Extracted data entries
[Start of section]

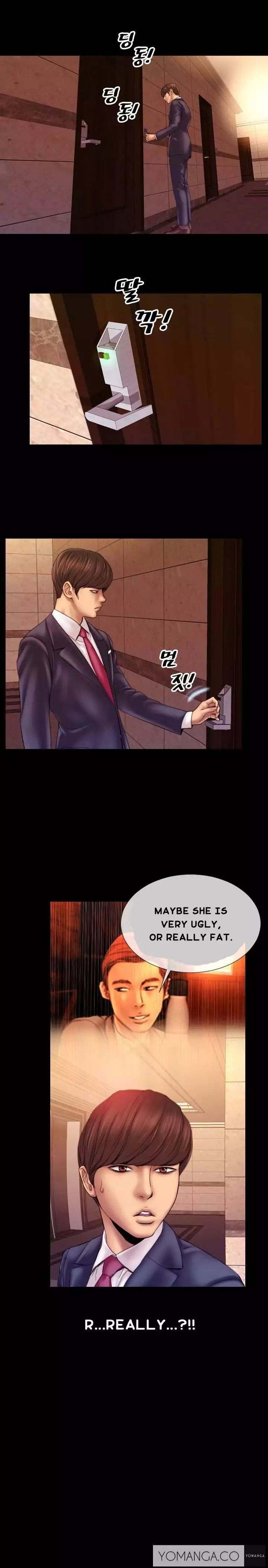 My Wives Chapter 3 Page 6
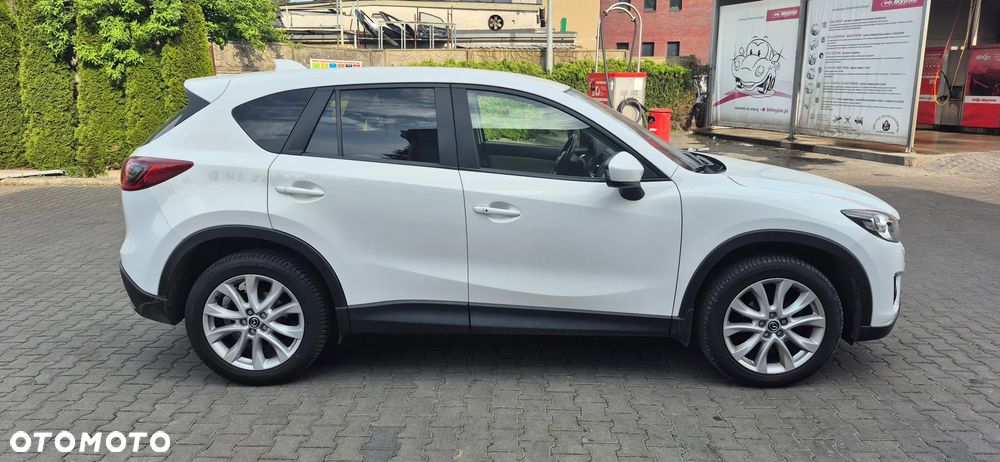 Mazda CX-5 2.0 Skypassion - 4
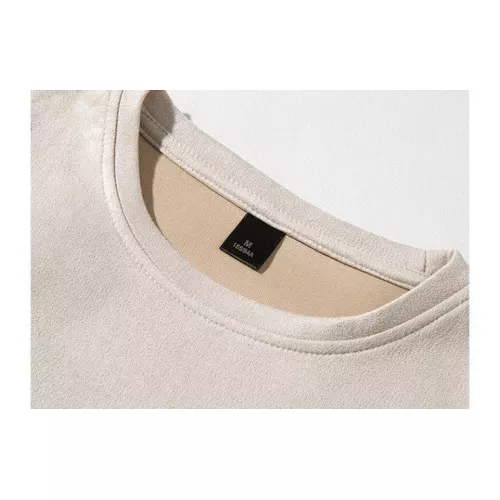 Replica LOEWE Tracksuits Short Sleeved For Men #1306402 $48.00 USD for Wholesale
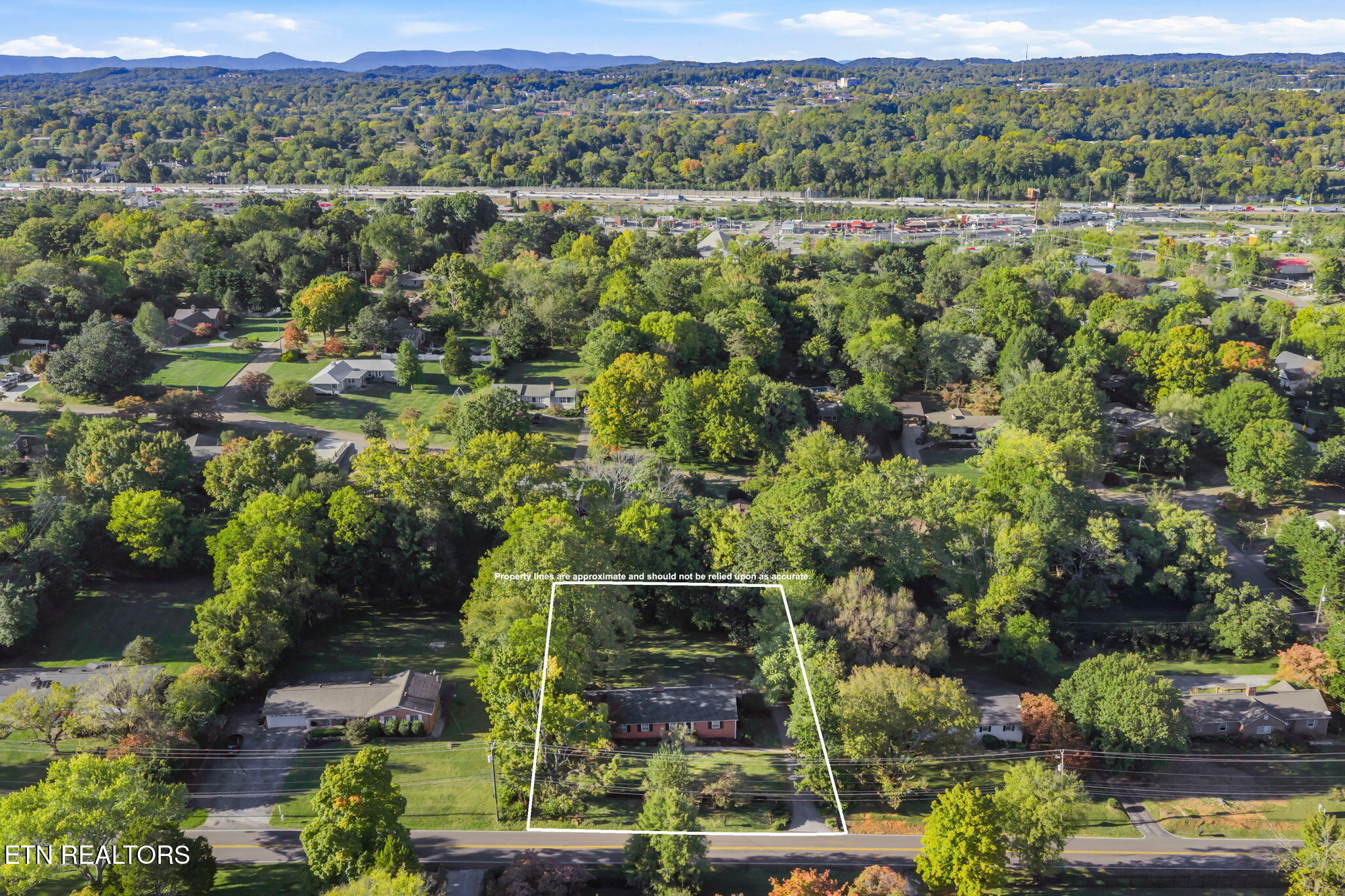 6909 Deane Hill Drive Knoxville TN 37919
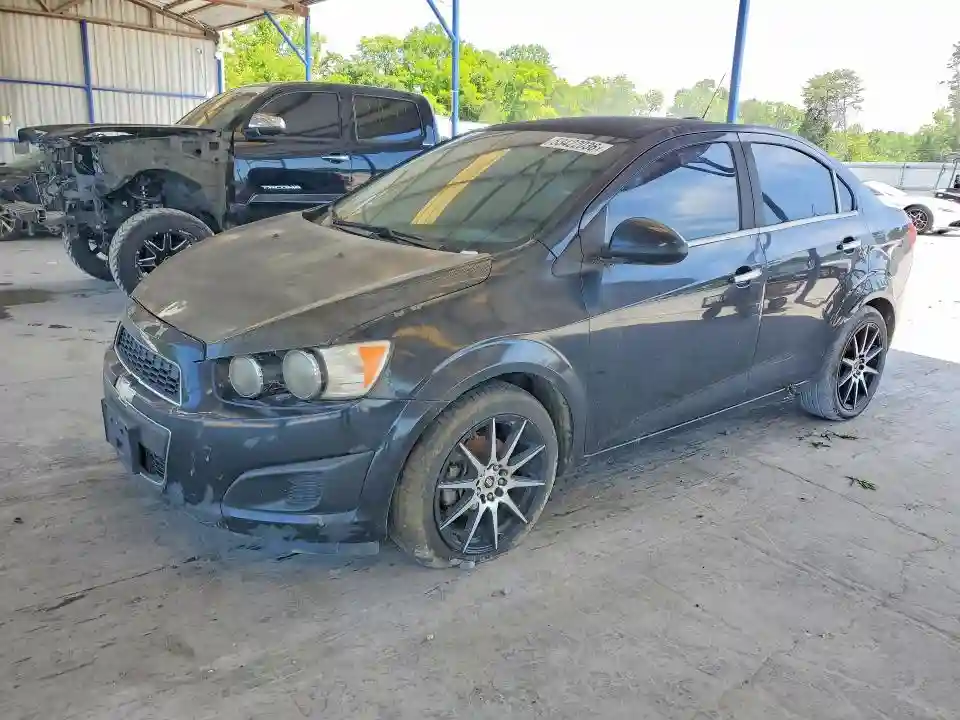 1G1JA5SH6F4127217 2015 CHEVROLET SONIC-0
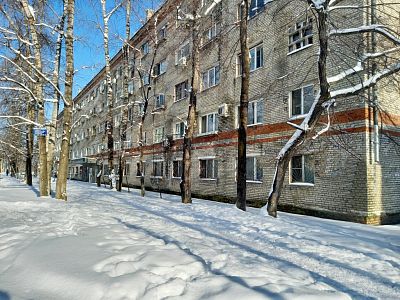 Продать комнату г Хабаровск, ул Клубная, д 34 970000 рублей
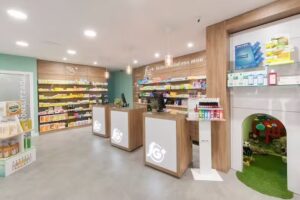 Farm&agrave;cia Gran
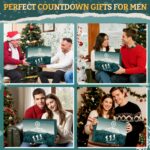 iZoeL Adventskalender Survival Werkzeuge 2026 – 24 Premium Outdoor Tools für Männer – Bild 7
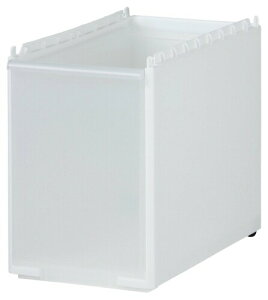 CNCbg (like-it) [P[X XgbJ[jbg p[c Ch 2L{g zCg 25.5x46.5x35.5cm 255L fbhXy[X[ Ԃp ggHi[ ggJ[ h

[End of section]

- YOUR OBJECTIVE -
Output nothing except an exact copy of the records above, with the images left out.

- RESULT BELOW -
 My Wives Chapter 3 Page 6
 Mazda CX-5 2.0 Skypassion - 4
 Replica LOEWE Tracksuits Short Sleeved For Men #1306402 $48.00 USD for Wholesale
 6909 Deane Hill Drive Knoxville TN 37919
 1G1JA5SH6F4127217 2015 CHEVROLET SONIC-0
 Продать комнату г Хабаровск, ул Клубная, д 34 970000 рублей
 Farm&agrave;cia Gran
 iZoeL Adventskalender Survival Werkzeuge 2026 – 24 Premium Outdoor Tools für Männer – Bild 7
 CNCbg (like-it) [P[X XgbJ[jbg p[c Ch 2L{g zCg 25.5x46.5x35.5cm 255L fbhXy[X[ Ԃp ggHi[ ggJ[ h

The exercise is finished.